Even when new stations came into service with more modern plant, Battersea remained a show piece. From its use in the media, particularly television, it has been something of a symbol of the whole electricity supply industry in this country.
When in 1980 reporters started predicting its final closure, a new phenomenon occurred: the start of a campaign to save Battersea Power Station as part of London's heritage. As one newspaper put it, this was an ugly duckling that had turned into a swan. In 1980 Michael Hesseltine, as Secretary of State for the Environment, ensured adequate time for considering its future by listing it as 'a building of special architectural or historical interest: and as the actual closure date grew nearer, the CEGB gave a lot of thought to the future of the site. The search for a viable alternative use which might enable the building to be preserved is now starting in earnest; and there's no doubt that this will be accompanied by a wide-ranging debate.
A fuller account of the station's half-century of achievements and successes, often against heavy odds and difficulties, is given in an illustrated booklet 'LANDMARK OF LONDON - the story of Battersea Power Station'. For the rest, whatever may happen regarding its future, Battersea has already gained a unique place in the electricity industry's history as well as in the memories of all who served there - and others, too. For as the Editor of The Times Diary wrote: 'One thing is certain. Londoners love Battersea Power Station'.
This simple diagram shows how a typical coal-fired power station produces electricity.
Coal is delivered to the power station by sea, rail or road. From the coal storage area (1) it is fed by conveyors to the boilers (2). The heat from burning coal boils water circulating at high pressure in the boiler tubes (3) to create high pressure steam (4), The steam is taken by pipes to the turbine (5) where it is used to drive the shaft (6) at high speed. From the turbine, the steam enters the condenser (7) and passes over tubes containing cooling water. It is thus condensed back into water and creates a vacuum which helps improve the flow of steam through the turbine, The water is returned to the boiler under pressure by a series of pumps.

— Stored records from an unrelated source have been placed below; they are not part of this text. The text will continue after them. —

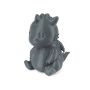 3DPower Select PLA GREY 1kg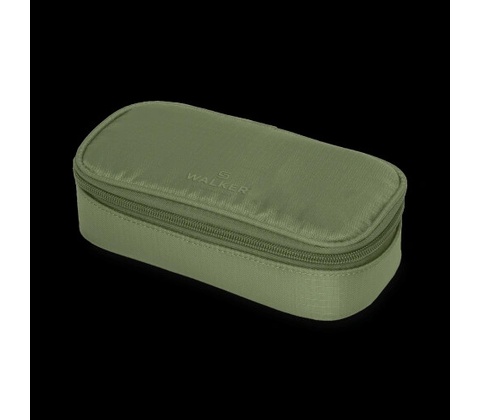 Walker olive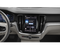 2026 Volvo V60 Cross Country B5 Ultra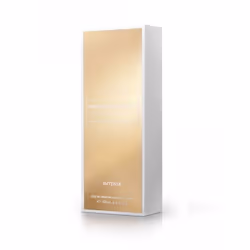 ANGEL SCHLESSER Intense 100 ml Donna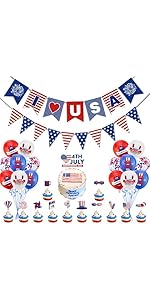 BETEAM Placemats Set of 6, Woven Vinyl Placemat for Dining Table Washable Wipeable Kitchen Place Mats Durable Indoor Outdoor Table Mats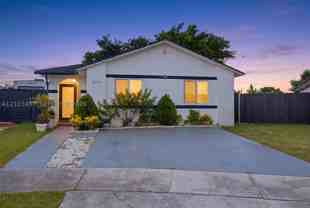 20752 Sw 121st Ct - Photo 1 of 1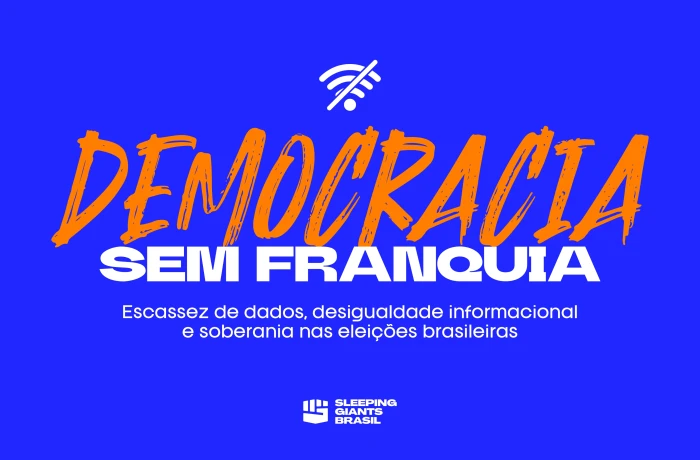 URGENTE: CNTE convoca categoria para defender o acesso à informação&hellip;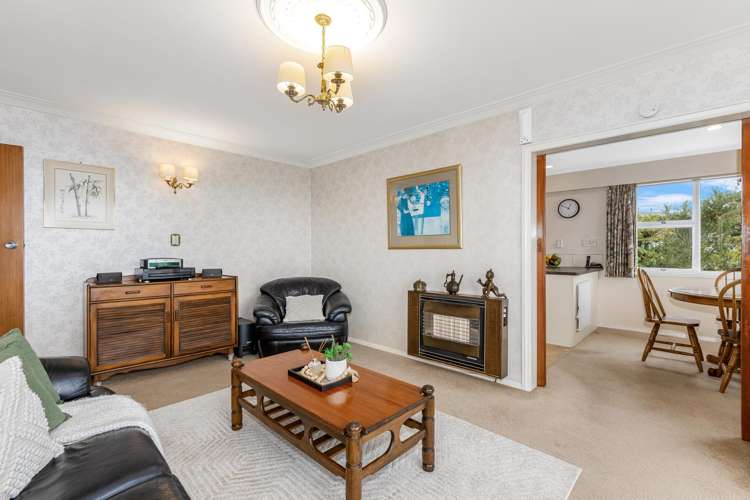 7 Walnut Way Maungaraki_7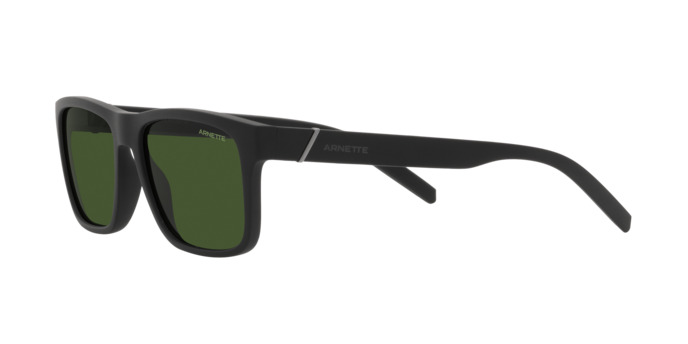 Arnette Bandra AN4298 275871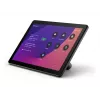 CISCO Room Navigator Tischständer Carbon Black - ERSATZTEIL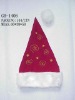 Wholesale santa hat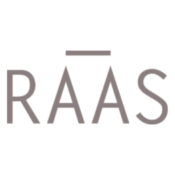 Raas Jodhpur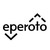 Eperoto logo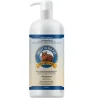 Grizzly Lakseolie Grizzly Plus Vildlakseolie 1000 ml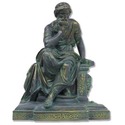 Socrates Seated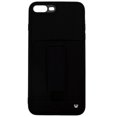 thumbnail image 6 of Walli Cases Lights Out Phone Case for iPhone 11 Pro Max with Wallet, Kickstand & Finger Strap, 6 of 6
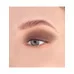 Luxvisage Matt Tint Waterproof 12H 110 Dark Chocolate Liquid Eyeshadow
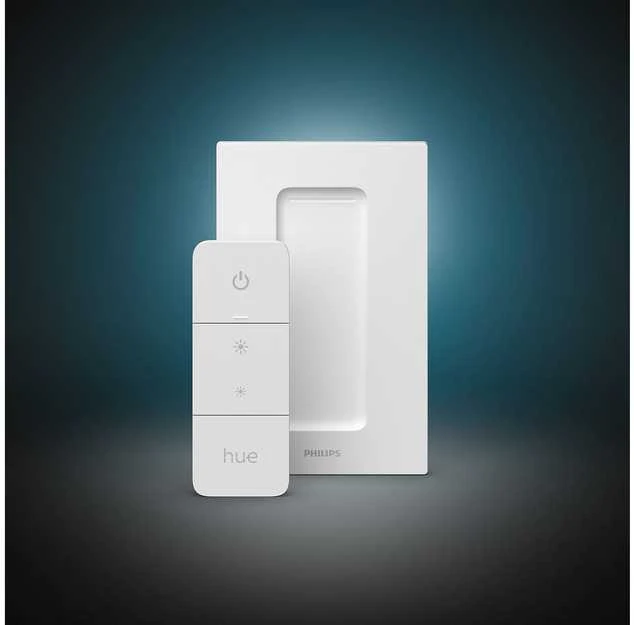 Philips Hue Jungiklis Dimmer Switch V2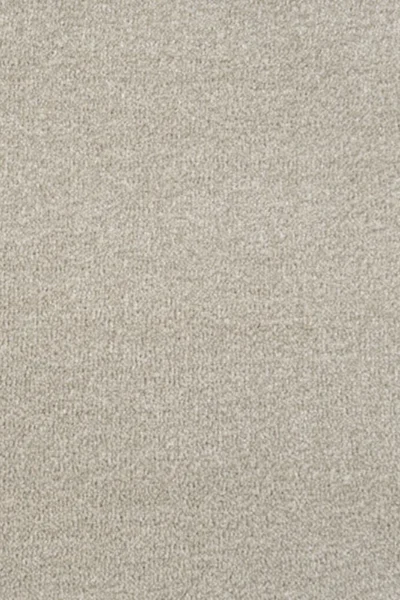 Misty Grey 60 Alps Twist Carpet image 2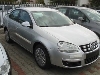 VW Jetta 1.6 TDI DPF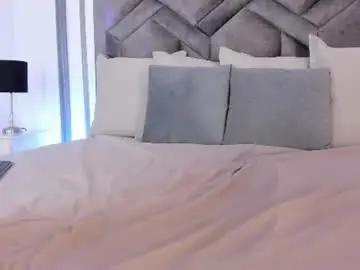 Cocodamore1  live sex cam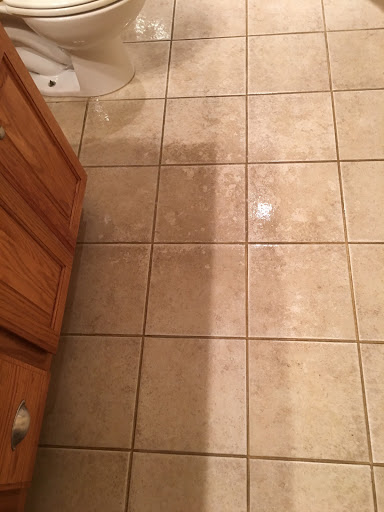 Carpet Cleaning Service «TLC Carpet and Upholstery Cleaning», reviews and photos, 6380 W 10th St #7, Greeley, CO 80634, USA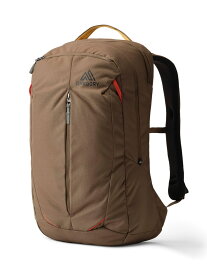 GREGORY 【公式】GREGORY レトナ25 25L リュック バックパック グレゴリー バッグ リュック・バックパック【送料無料】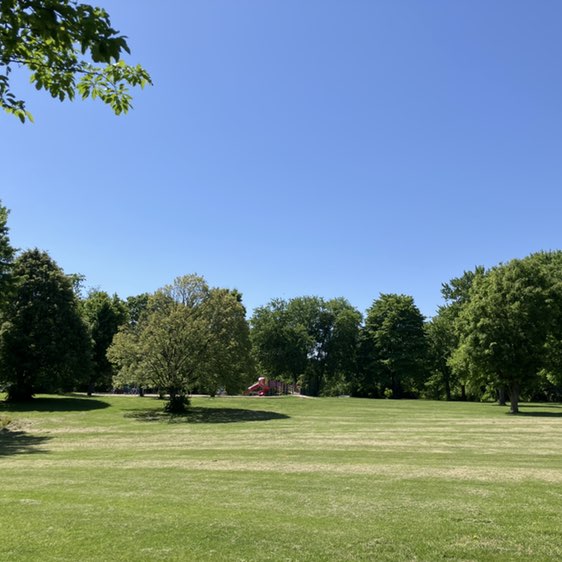 rhulskotter post 1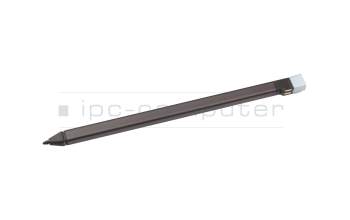 04190-002401 stylus pen Asus original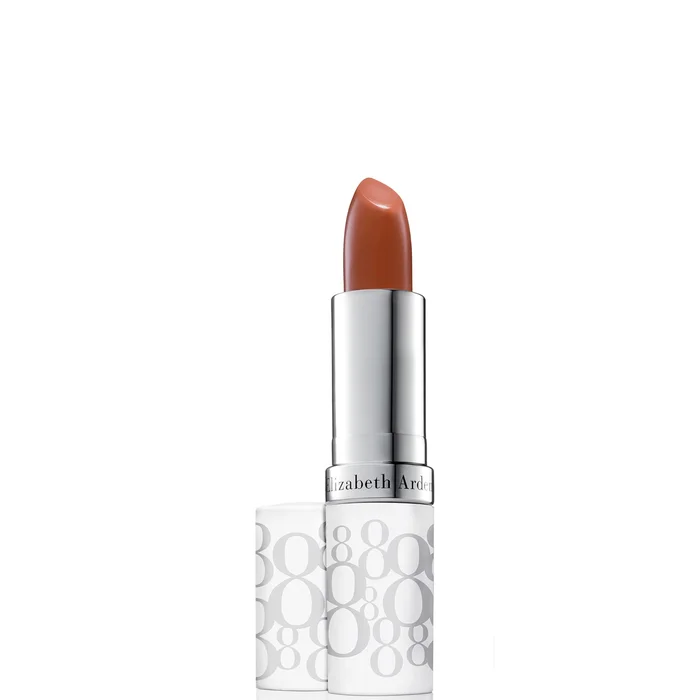 Elizabeth Arden Eight Hour Baume Protecteur pour la Peau SPF 15 (nuances variées)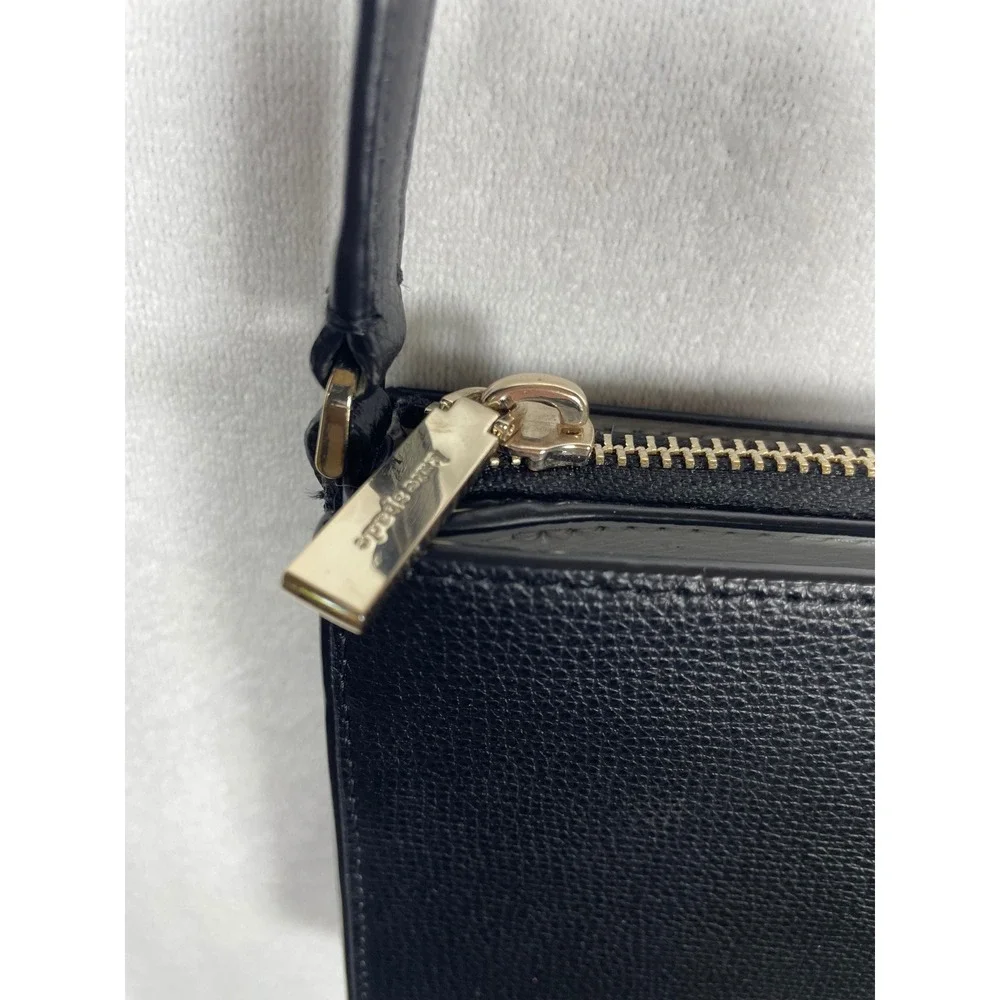 kate spade excellent pre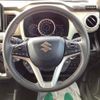 suzuki xbee 2023 CFJ1508101 image 5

The generator consists of a rotor (8) and a stator (9). The rotor (an electro-magnet made of a number of windings mounted on a shaft) is coupled to the turbine shaft so that it is turned at high speed and generates electricity in more windings that make up the stator. A small generator (10) driven from the end of the rotor shaft, produces the current required to energise the rotor. In the largest modern generators electricity may be generated at about 25,000 volts but for efficient transmission over long distances the voltage is increased by transformers (11) to 275,000 or 400,000 volts.
The voltage is reduced by other transformers (12) to 132,000 volts for local transmission and reduced still further for distribution to consumers at suitable voltages 33,000 volts for heavy industries, 11,000 volts for light industries and 240 volts for homes and farms.